IDB begins effort to increase capital amid growing challenges
Barranquilla, Colombia, Mar 21 (efe-epa).- The Inter-American Development Bank agreed to begin a technical analysis procedure with an eye toward expanding the bank’s capital, an initiative that received the “overwhelming support” of the member countries, IDB president Mauricio Clave-Carone said at the bank meeting concluding on Sunday amid the acute crisis in Latin America brought about by the coronavirus pandemic.
The IDB was ending the assembly with a resolution and with the door having been opened to a process of analysis, “a roadmap” toward an increase in capital, said Claver-Carone at a press conference at the close of the entity’s 61st annual conference held mostly virtually this year from Barranquilla, Colombia.
Claver-Carone, the first American citizen to head the IDB, assuming the presidency last year, emphasized the “overwhelming support” of the 48 member nations for the move.
The entire discussion at the meeting was on timing, procedures and prerequisites for increasing the availability of capital, Claver-Carone said, not on whether to accept or reject the plan.
However, he did not provide specific details about the procedures that will be followed, saying only that the IDB board of governors will be presented with short-, medium- and long-term recommendations regarding the analysis and so that future steps may be discussed.
The initiative was spearheaded by eight countries: Brazil, Chile, Ecuador, Peru, Paraguay, Guyana, Suriname and Venezuela, the latter nation being represented at the gathering by opposition leader Juan Guaido rather than President Nicolas Maduro.
During the Barranquilla conclave, Claver-Carone defended the need for a general increase in IDB capital, saying that the calculated target will be for $20 billion to increase available resources for loans throughout the region, up from the $12 billion available each year at present.
The development bank’s most recent capital increase came in 2008.
The IDB chief said he had no doubts that in the four-and-a-half years remaining in his term – and he has promised to serve only one six-year term as president – the bank would be able to achieve increased capitalization, adding that it is important that a bipartisan group of US senators have already given their support to a capital increase.
One of the countries that has given its explicit support to the move is Colombia, whose president, Ivan Duque, insisted that Bogota “has backed and is backing the efforts to strengthen the bank, but that doesn’t happen overnight. There’s always a preliminary stage.”
“Latin American needs a bank that can grow in parallel to the needs of the region,” Duque said during the Barranquilla meeting, during which the IDB presented its macroeconomic report in which it emphasized the region’s urgent need for fiscal reforms to facilitate a sustainable economic recovery after the Covid-19 crisis.

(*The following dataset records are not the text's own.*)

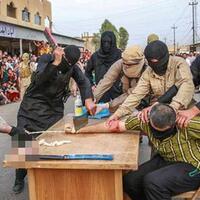 taliban-pastikan-hukuman-potong-tangan-kaki-akan-berlaku-lagi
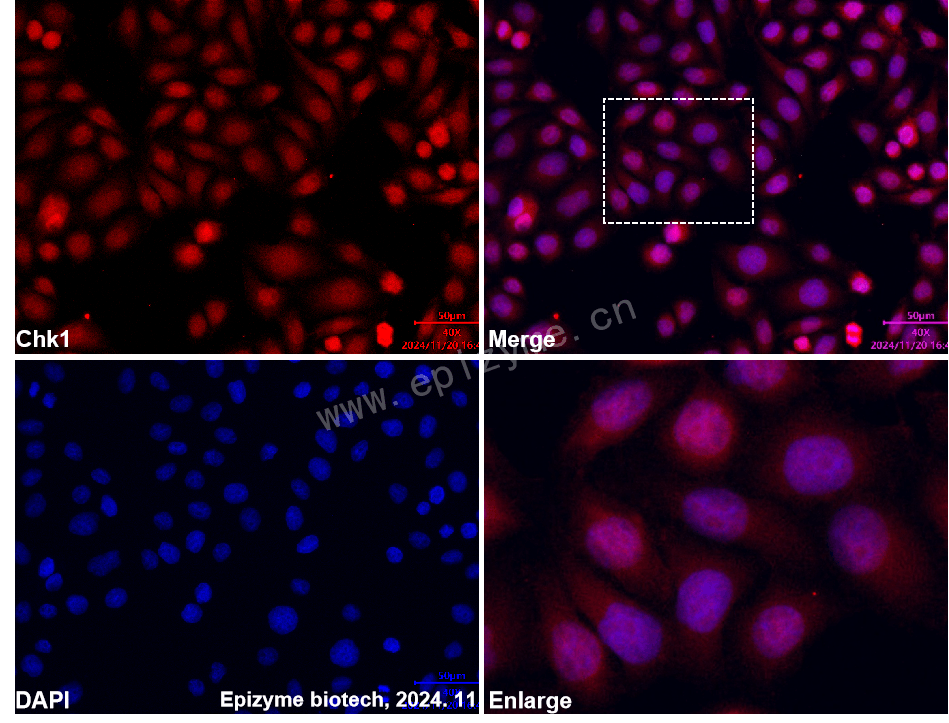 Anti-Chk1 Rabbit mAb [13M12E38]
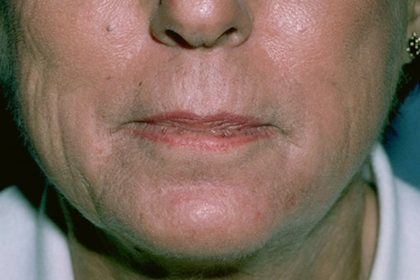 Laser Resurfacing Before & After Patient #2315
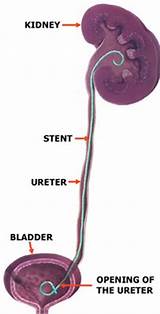 Stint Medical Definition Pictures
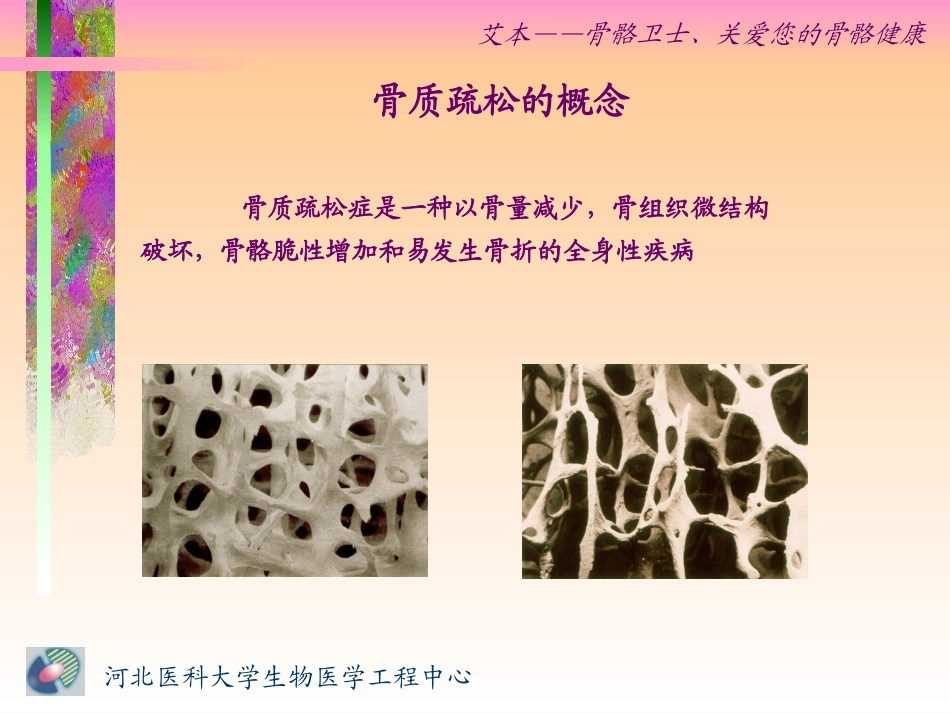 骨质疏松症及伊班膦酸钠的应用_第2页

IDB chief economist Eric Parrado warned that “we’ll get out of this crisis poorer, more indebted and with economies that will have a very different format in terms of their productive structures.”
According to IDB forecasts, Latin America and the Caribbean will grow 4.1 percent in 2021, after falling 7.4 percent last year, the worst annual decline since 1821.
With an eye toward 2022, the report projects that the region’s expansion will decelerate to 2.5 percent.
During the March 17-21 meeting, the bank approved a seed capital fund of $20 million for bioeconomy development projects in the Amazon region and relaunched a program designed to strengthen Latin America’s female entrepreneurial contingent.
A call was also issued for the region to take advantage of the economic effects of the pandemic such as the adjustment in global supply chains and to push for company relocalization and economic integration.
Latin America and the Caribbean must make an effort to achieve greater regional integration that, in turn, allows the region to insert itself more efficiently into the world, said Claver-Carone in one of his seminars.
One of the key elements in doing that is the proximity to the world’s biggest market: the United States.
To illustrate his point, Claver-Carone gave the example of Colombia, saying that it is the headquarters for relocating technological service activities, along with activities in the food and beverage, plastics and resins sectors, adding that it has the potential to expand into sectors like pharmaceuticals and automobiles.